## [Work instructions]
Make an exact copy of the records that follow, with each picture omitted.
[Data excerpts]
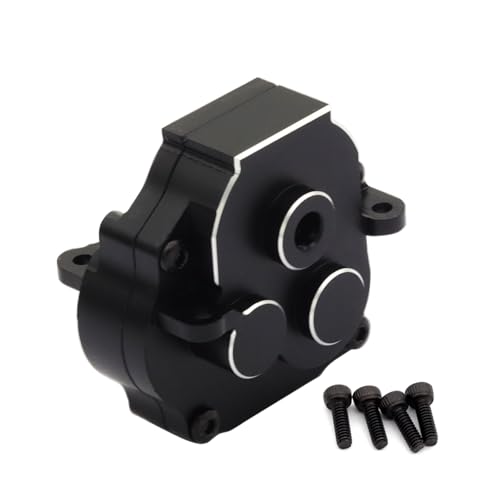 RC Car Parts for Traxxas for TRX-4M for Bronco for Defender 9791X 9791 1/18 Metal Transmission Gear Box Gearbox Housing RC Crawler Car Upgrade Parts Accessories(Box 1) - size: Box 1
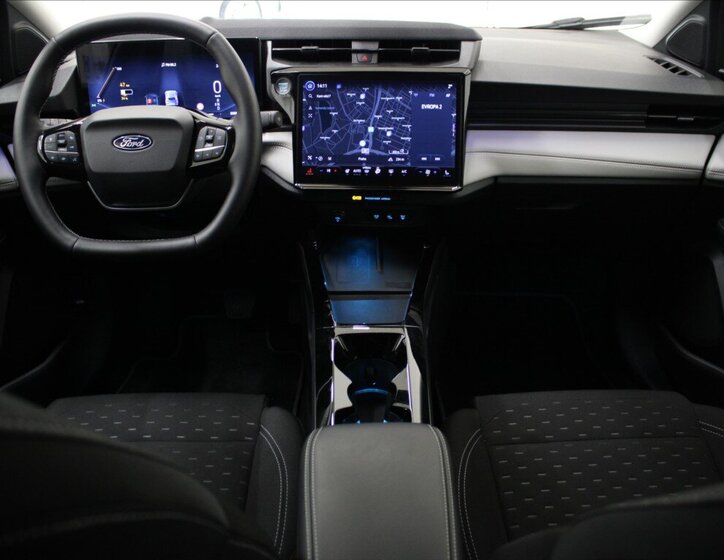 Ford Puma SUV 10,0 123 kw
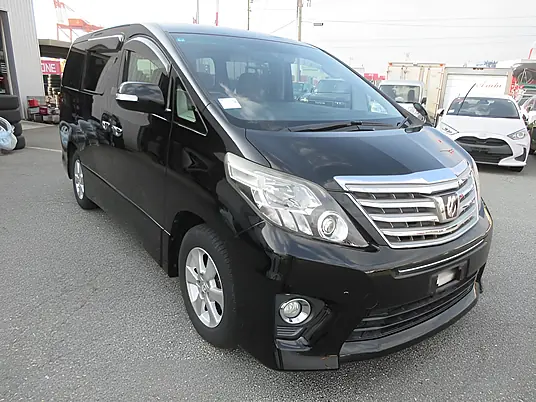 2013 Toyota Alphard 3.5 V6 SC Package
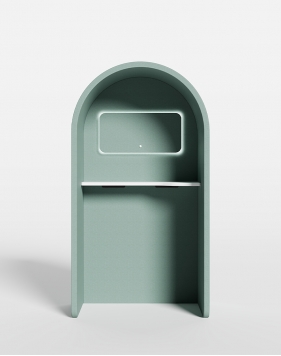 Roma Series Staande stand 2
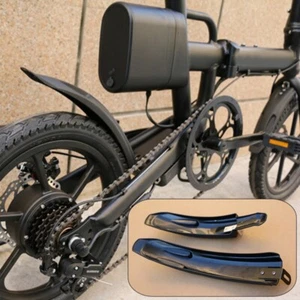 Great Toughness Mudguard for 14 18 Inch Bicycle and Electric Scooter Reliable - Picture 1 of 12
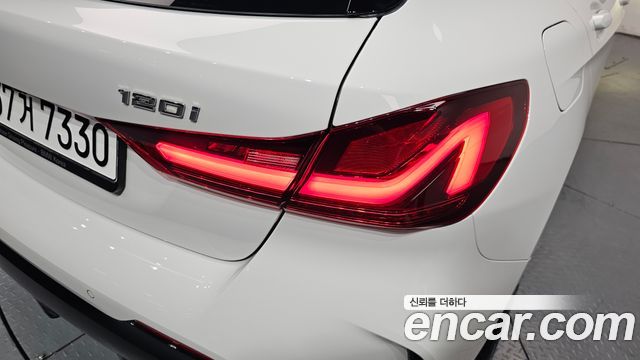 BMW 1-Series 120i M Sports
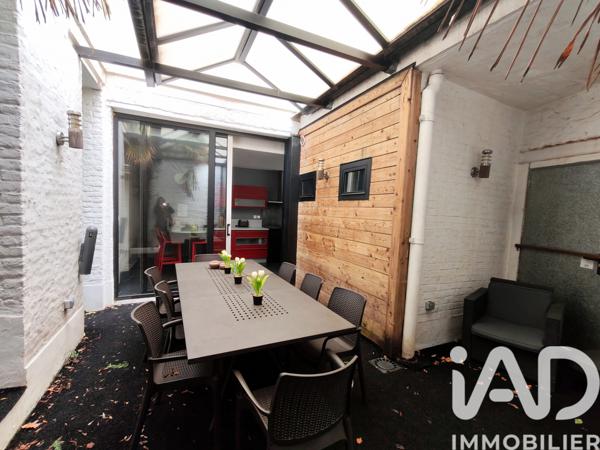 Maison à vendre 12 pièces 175 m² Béthune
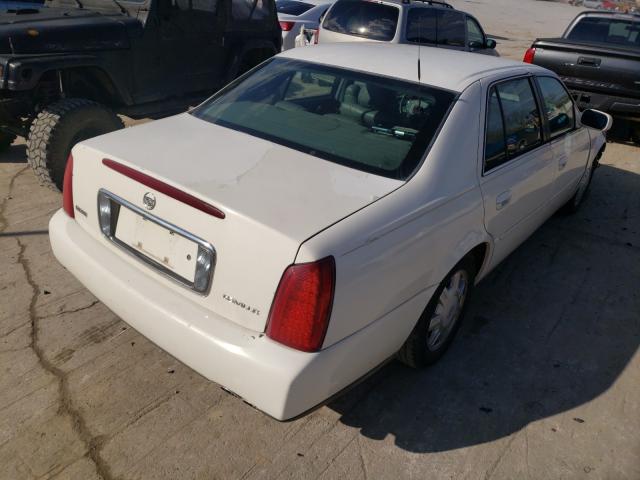 Photo 3 VIN: 1G6KD54Y84U141541 - CADILLAC DEVILLE 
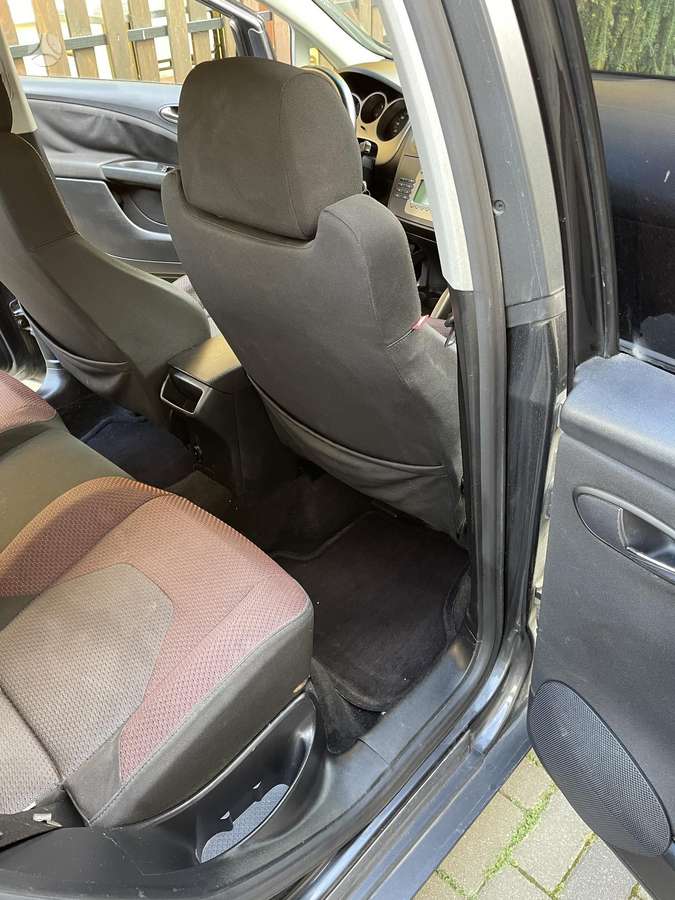 Seat Altea, 2.0 l., Хэтчбек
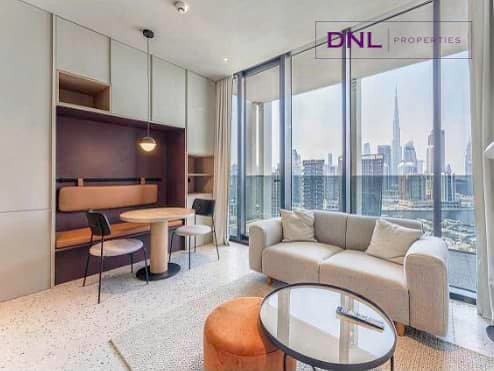 studio freehold apartment in Business Bay — photo 4 of 5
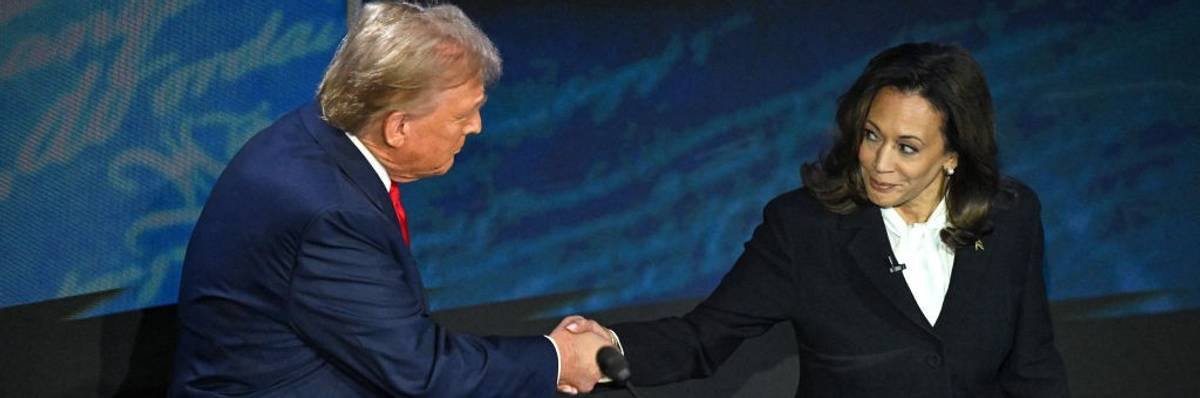 The Global South's View of the Harris-Trump Race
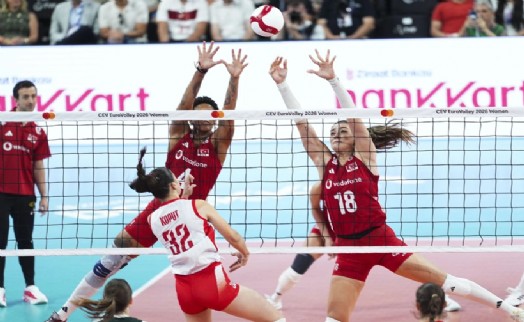 Filenin Sultanları Polonya'ya kaybetti: Son 16 turundaki rakibi belli oldu
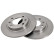 Disque de frein 15958 ABS, Vignette 3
[/Data excerpts]
## [Result for this task]
 RC Car Parts for Traxxas for TRX-4M for Bronco for Defender 9791X 9791 1/18 Metal Transmission Gear Box Gearbox Housing RC Crawler Car Upgrade Parts Accessories(Box 1) - size: Box 1
 Ford Puma SUV 10,0 123 kw
 2013 Toyota Alphard 3.5 V6 SC Package
 Roma Series Staande stand 2
 Great Toughness Mudguard for 14 18 Inch Bicycle and Electric Scooter Reliable - Picture 1 of 12
 BMW 1-Series 120i M Sports
 Maison à vendre 12 pièces 175 m² Béthune
 Photo 3 VIN: 1G6KD54Y84U141541 - CADILLAC DEVILLE 
 Seat Altea, 2.0 l., Хэтчбек
 studio freehold apartment in Business Bay — photo 4 of 5
 The Global South's View of the Harris-Trump Race
 Filenin Sultanları Polonya'ya kaybetti: Son 16 turundaki rakibi belli oldu
 Disque de frein 15958 ABS, Vignette 3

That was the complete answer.